Work required:
Leaving out all pictures, transcribe exactly the lines between the line with "Black-backed Tanager - ML636732576" and the last line of the records below, both included.

(Entries taken from a collection)
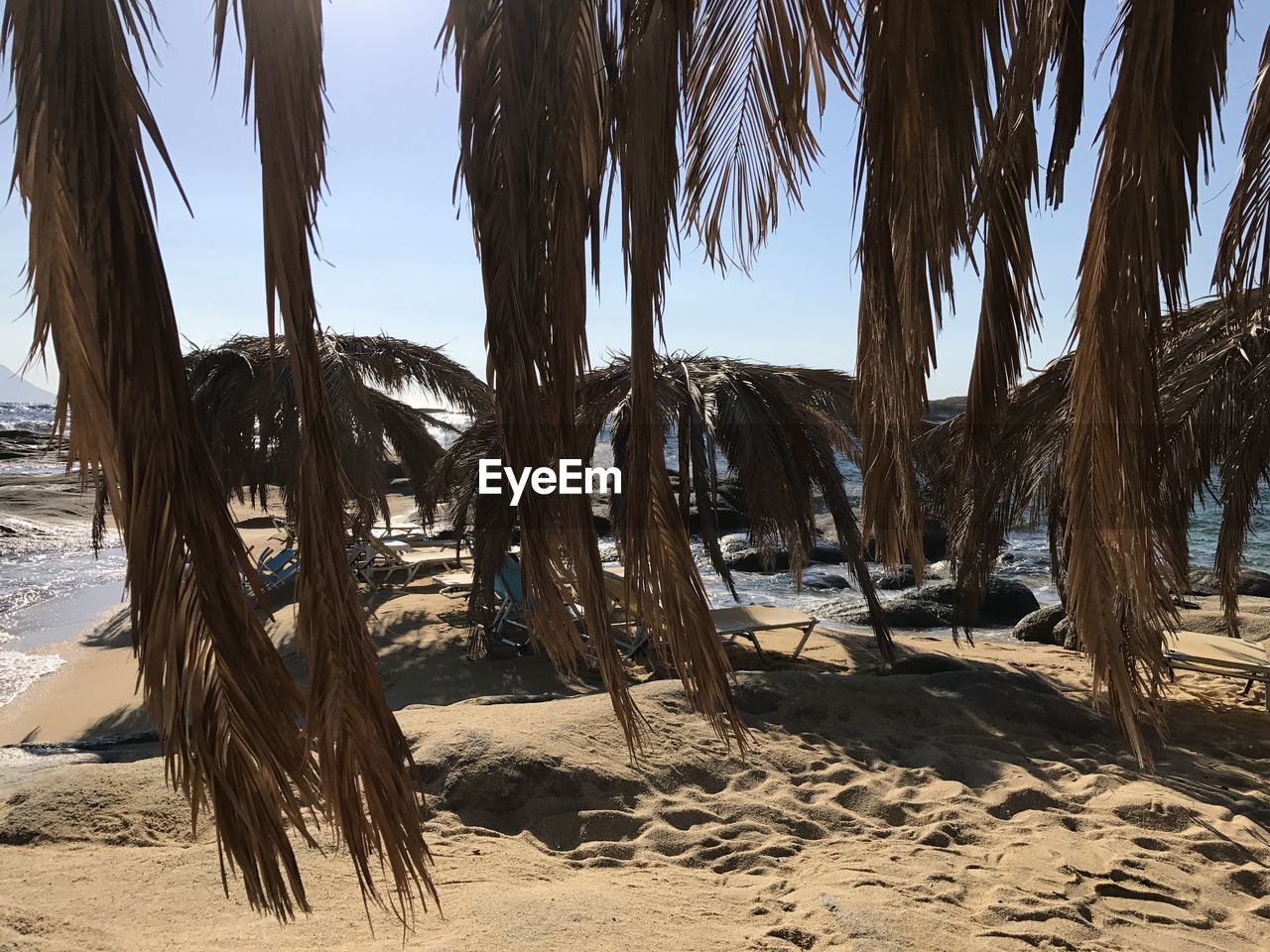 TREES GROWING ON BEACH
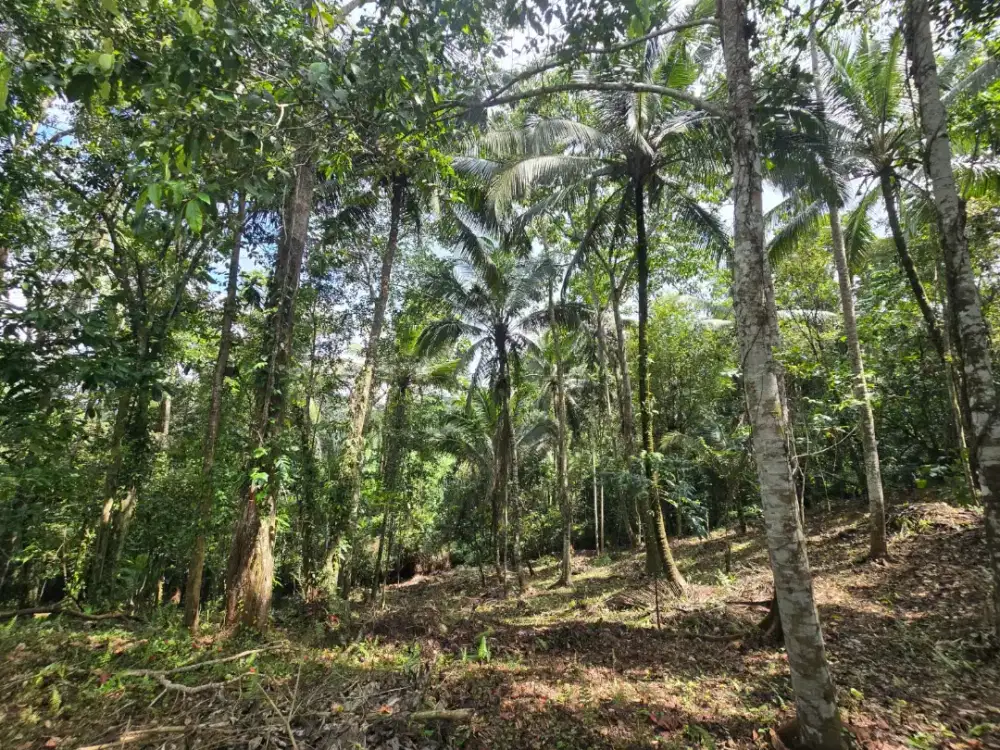 Dijual Kebun Durian Dan Aneka Buah  Di Tabanan Bali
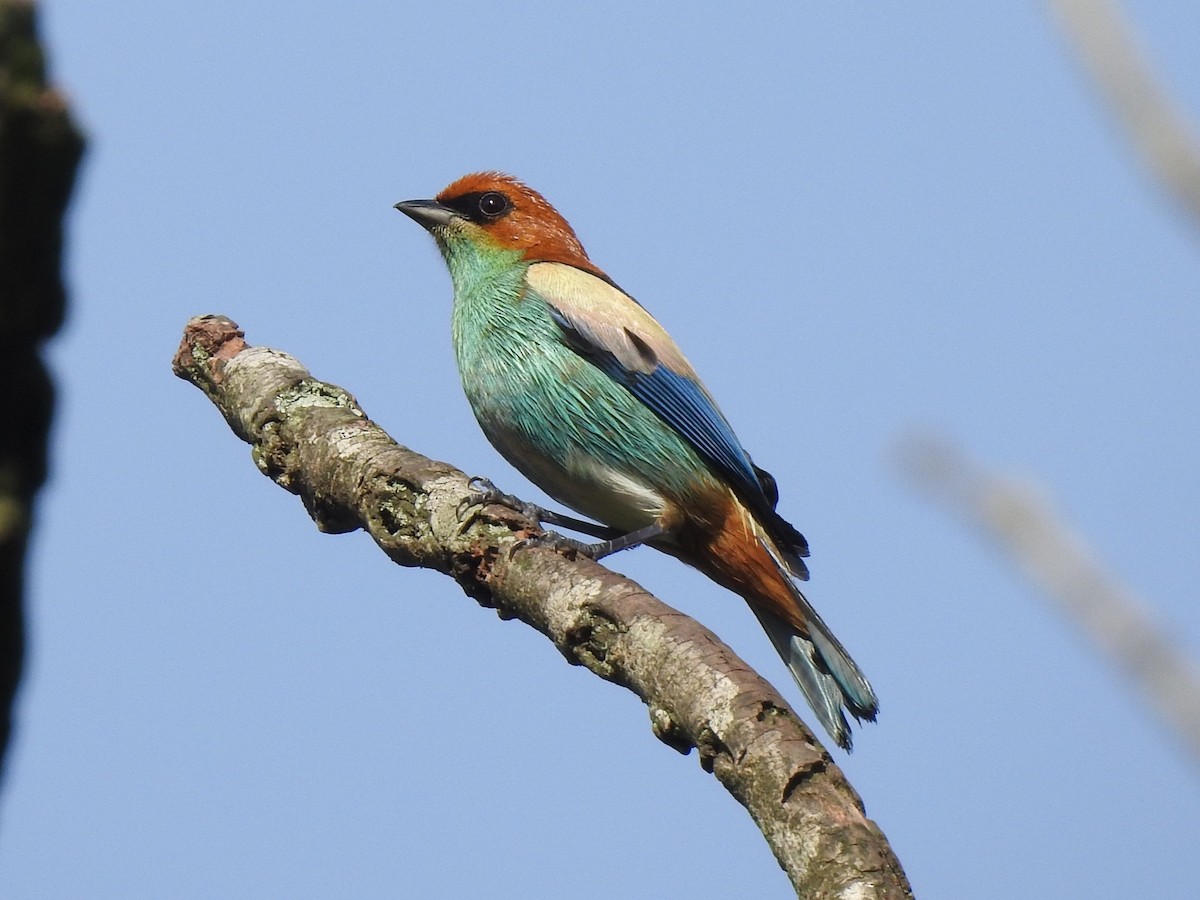 Black-backed Tanager - ML636732576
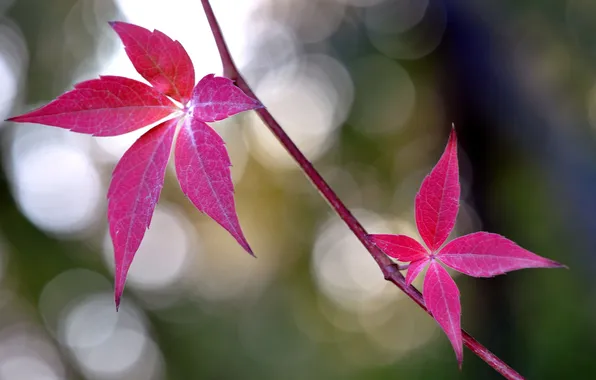 Autumn, leaves, branches, nature, the crimson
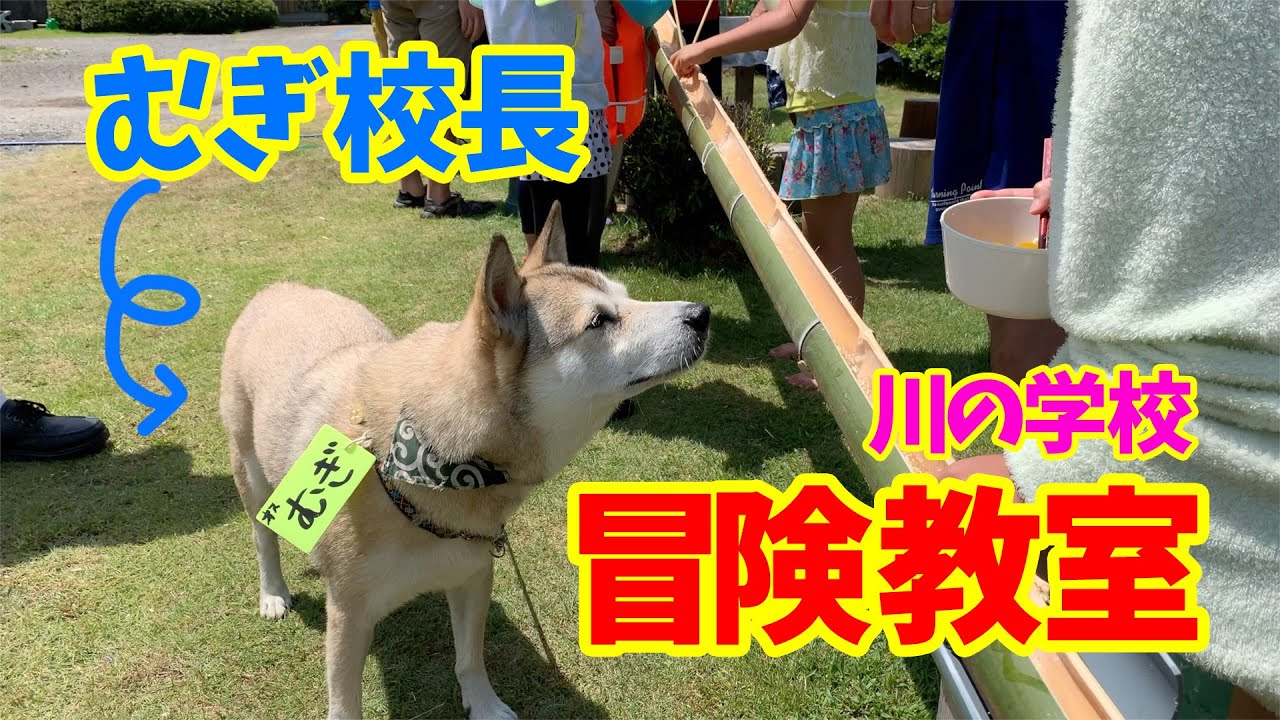 【むぎ校長の野外授業】人生の酸いも甘いも知り尽くしたむぎ校長と学ぶ🐕川の学校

Task result:
 Black-backed Tanager - ML636732576
 Autumn, leaves, branches, nature, the crimson
 【むぎ校長の野外授業】人生の酸いも甘いも知り尽くしたむぎ校長と学ぶ🐕川の学校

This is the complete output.